Brief:
Copy, without a single change, each line from the one that holds "Warming Statue Murti" to the bottom of the entries below, and drop any pictures.

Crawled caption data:
____________________
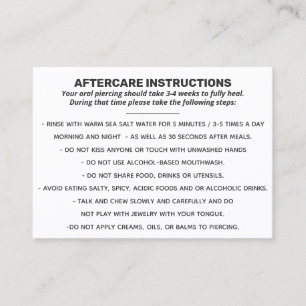 Carte De Visite Traitement de la lèvre, de la langue et du perçage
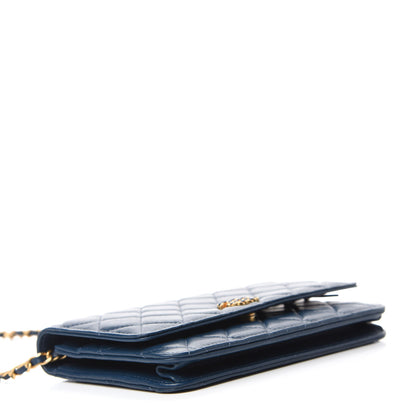 Chanel Lambskin Quilted Infinity Wallet On Chain WOC Blue 4 of 13
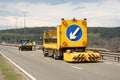 Lane closed vehicle with sign Royalty Free Stock Photo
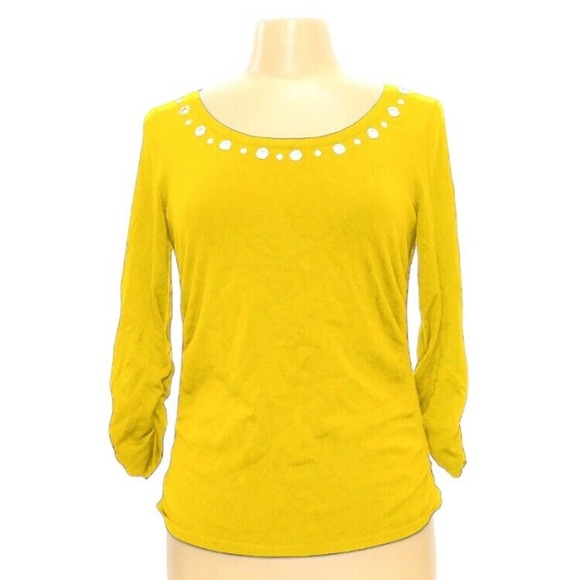 NY Collection Sz Large Women's Sweater Ruching Sleeves Sides Yellow Grommet Neck - Picture 1 of 11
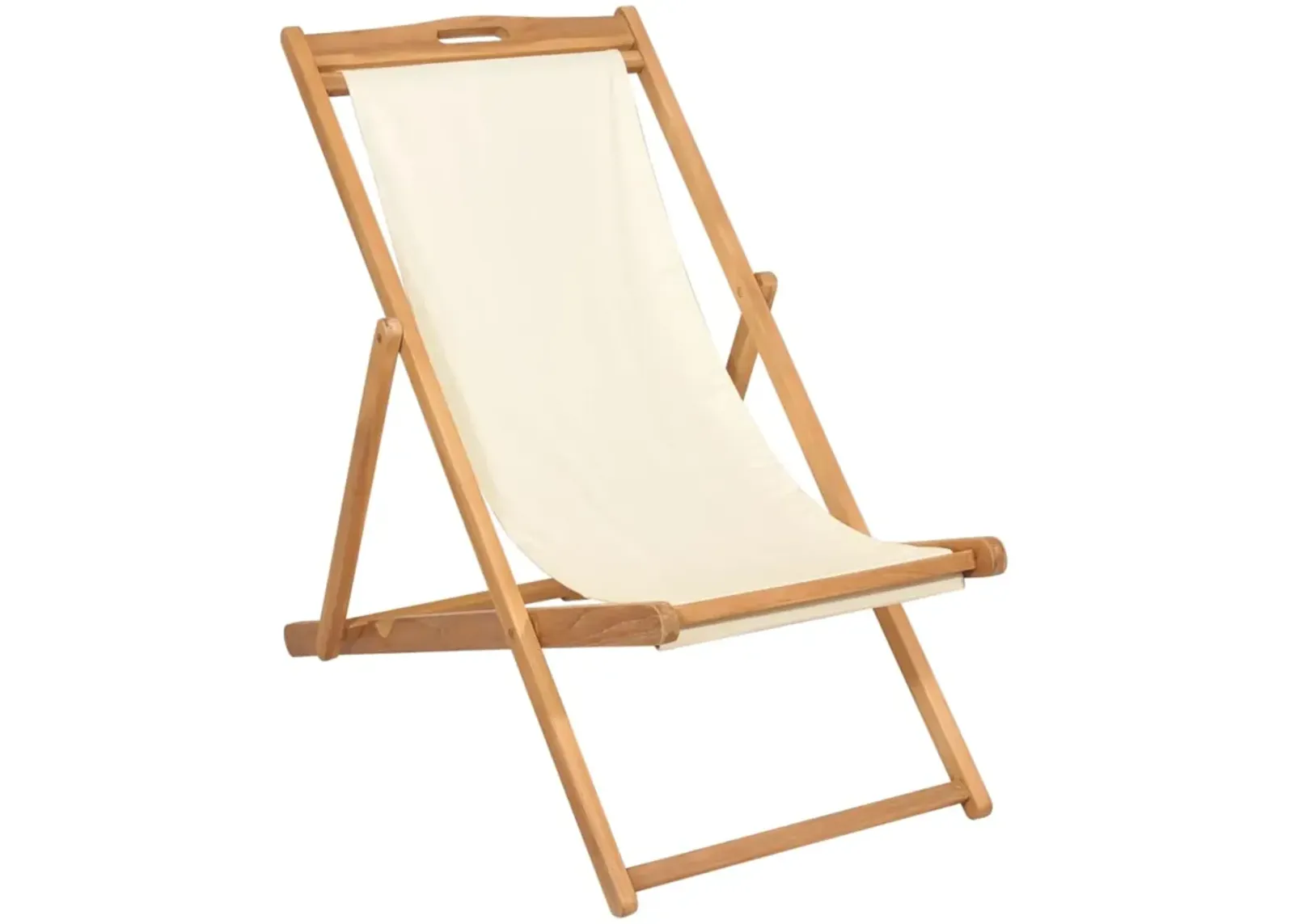 vidaXL Deck Chair Teak 22.1"x41.3"x37.8" Cream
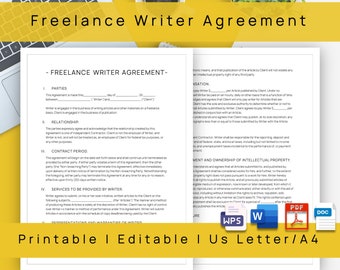 Editable Freelance Writer Service Agreement, Printable Content Writer Contract Template,Writer Work For Hire, Script Writer Agreement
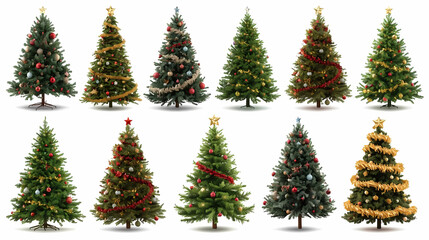 Fototapeta premium Festive Christmas Tree Collection – Realistic Pine Trees Isolated for Holiday Design and Winter Decoration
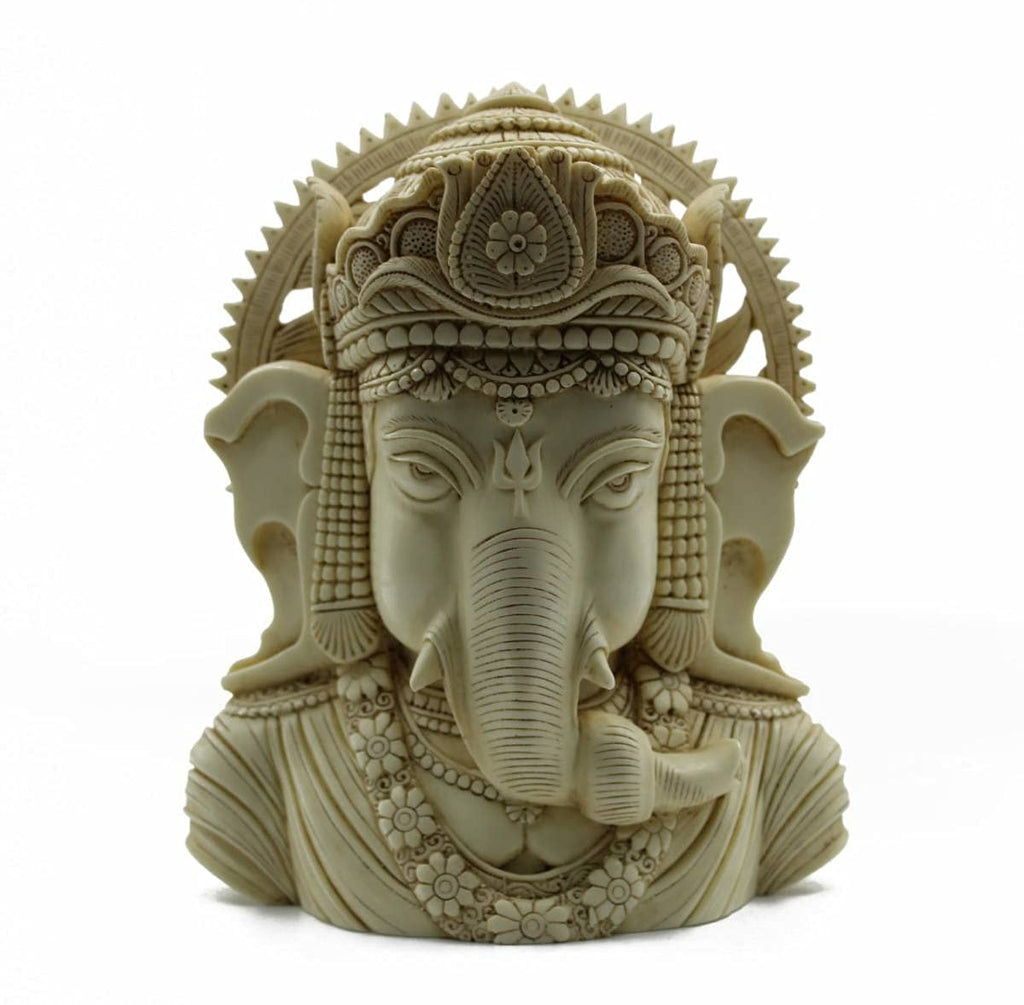 Indicast Resin 8" Inch Lord Ganesha Carving Antique Painting Hindu God Ganesh Ganpati Idol Figurine for Home Office House Warming Statue Murti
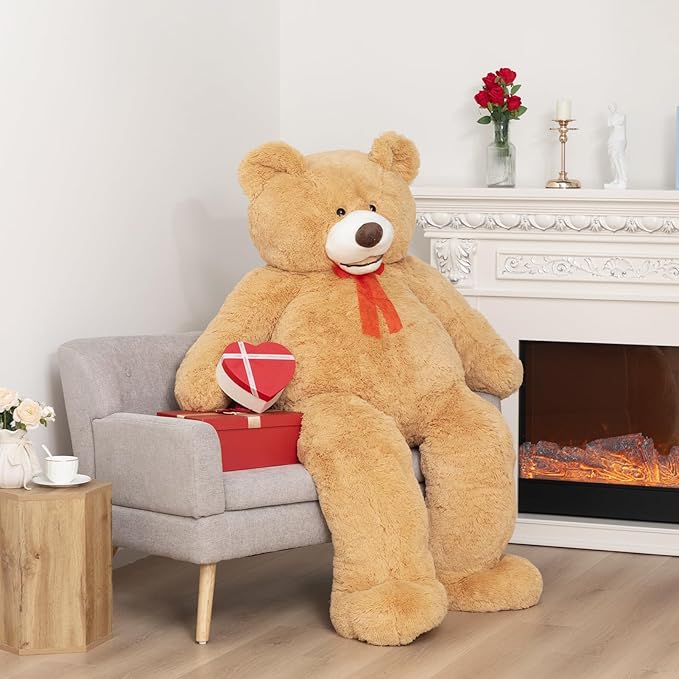 HollyHOME 6ft Teddy Bear Giant Teddy Bear Stuffed Animal with Embroidered Paws Holiday Valentine's Toy Gift for Girlfriend Kids 72 inches Brown
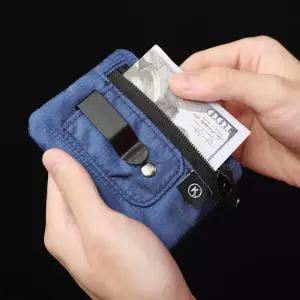 미니 동전 지갑 지퍼 및 이 있는 간단한 패브릭 파우치 동전용 비 브레이드 RFID 차단 머니 백 주최자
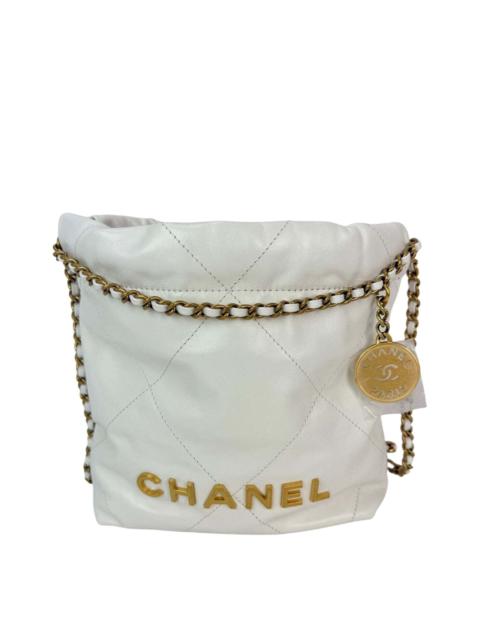 Chanel White Leather 22 Mini Shiny Quilted White Crossbody (Authentic Pre-Loved)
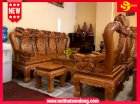 Bộ bàn ghế chạm đào chim gỗ gõ đỏ tay 14 mặt liền tấm 5cm VIP Sơn Đông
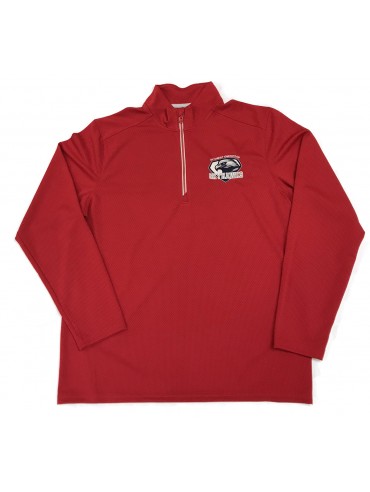  Adult 1/4 Zip Henley Shirt Red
____________________
Solution:
 Indicast Resin 8" Inch Lord Ganesha Carving Antique Painting Hindu God Ganesh Ganpati Idol Figurine for Home Office House Warming Statue Murti
 HollyHOME 6ft Teddy Bear Giant Teddy Bear Stuffed Animal with Embroidered Paws Holiday Valentine's Toy Gift for Girlfriend Kids 72 inches Brown
 미니 동전 지갑 지퍼 및 이 있는 간단한 패브릭 파우치 동전용 비 브레이드 RFID 차단 머니 백 주최자
 Chanel White Leather 22 Mini Shiny Quilted White Crossbody (Authentic Pre-Loved)
 Bộ bàn ghế chạm đào chim gỗ gõ đỏ tay 14 mặt liền tấm 5cm VIP Sơn Đông
  Adult 1/4 Zip Henley Shirt Red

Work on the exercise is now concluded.